If we really want ML and big data to be truely useful, I think we need to learn from the social sciences, because they work much more with the complicated science behind the why.

Except that they still can't do what the author needs in order to do her work. A tool she can use. Social Sciences have not yet produced anything that can effectively produce a change or even adequately describe a social system.

Her tagline is appropriate. She'll gladly use a tool that works, but she won't use one on faith.

You're right, but I think my point is that data science hasn't really done anything useful in fields involving humans.

Don't get me wrong, we do a lot of data science in the public sector these years, but we also measure it's efficiency and capability and compare it to the past 100 years of us doing the same thing without AI, and things haven't improved. At least not yet.

Mean while, the social sciences have given us tool that help us inflict actual lasting change on groups of people simply by using language in a specific way or working toward a shared consensus.

So maybe the question shouldn't be what social sciences have to offer AI research, but rather, what data science has to offer social fields.

I'm well aware that data science has it's value in other fields. We use it to troll through massive amounts case files and save thousands of man-hours in the process, but why would you want to use social science for that?

>"data science hasn't really done anything useful in fields involving humans."

So you think data science has not been useful to google, amazon, facebook, etc?

Basically you are proposing that (at least) hundreds of billions of dollars have been spent with no return so far. It is possible but is there evidence for this?
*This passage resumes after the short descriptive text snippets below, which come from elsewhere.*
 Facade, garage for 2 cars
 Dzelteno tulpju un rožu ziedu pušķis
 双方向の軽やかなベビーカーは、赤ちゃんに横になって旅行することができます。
>"If I look at all the alcoholic families in my municipality and compare their case history with big data gathered on a national level, I’ll certainly be able to predict how many of their children we’ll need to remove. I just can’t predict which ones because determinism doesn’t actually work on something that complex. [...] I think we need to learn from the social sciences, because they work much more with the complicated science behind the why."

Huh? ML classifiers will definitely give you a prediction for each individual case. Its the social sciences that have been choosing to look at an average effect at one single timepoint, etc and trying to get some kind of causal model from that (a dumb idea in my opinion since causality is working at the individual level).

EDIT:

I should also say I am open to the idea that causality isn't a real, or at least interesting, thing anyway. Eg PV = nRT, does that mean changing pressure changes the temperature or vice versa?

The gas law is a equilibrium condition, so if you change one the others must change too. But they don’t change spontaneously, you impose the change from without, so there is no ambiguity: whatever you force to change first will be the cause of the others changing.
Right, the model accounts for all possible "causal routes", turning causality into something subjective.
I think having a background in sociology, psychology, would be extremely good for ai researchers and anybody who needs to work with machine learning in general because ultimately those systems will have to interact with people, and a lot of those algorithms will have a huge impact on people’s lives, and you need to be sure that you aren’t encoding biases, etc that are going to harm people or unfairly exclude them.
With a name like empath, I'm compelled to wonder if what you're maybe suggesting is not that they remove their biases, but rather that they apply their own biases in order to achieve a more desirable outcome in accordance with their contextualization of the data and desired outcomes.

I'm not necessarily suggesting that as a bad thing, I just wanted to clarify that it's actually very easy to come up with some very unpleasant data that is totally devoid of bias at all.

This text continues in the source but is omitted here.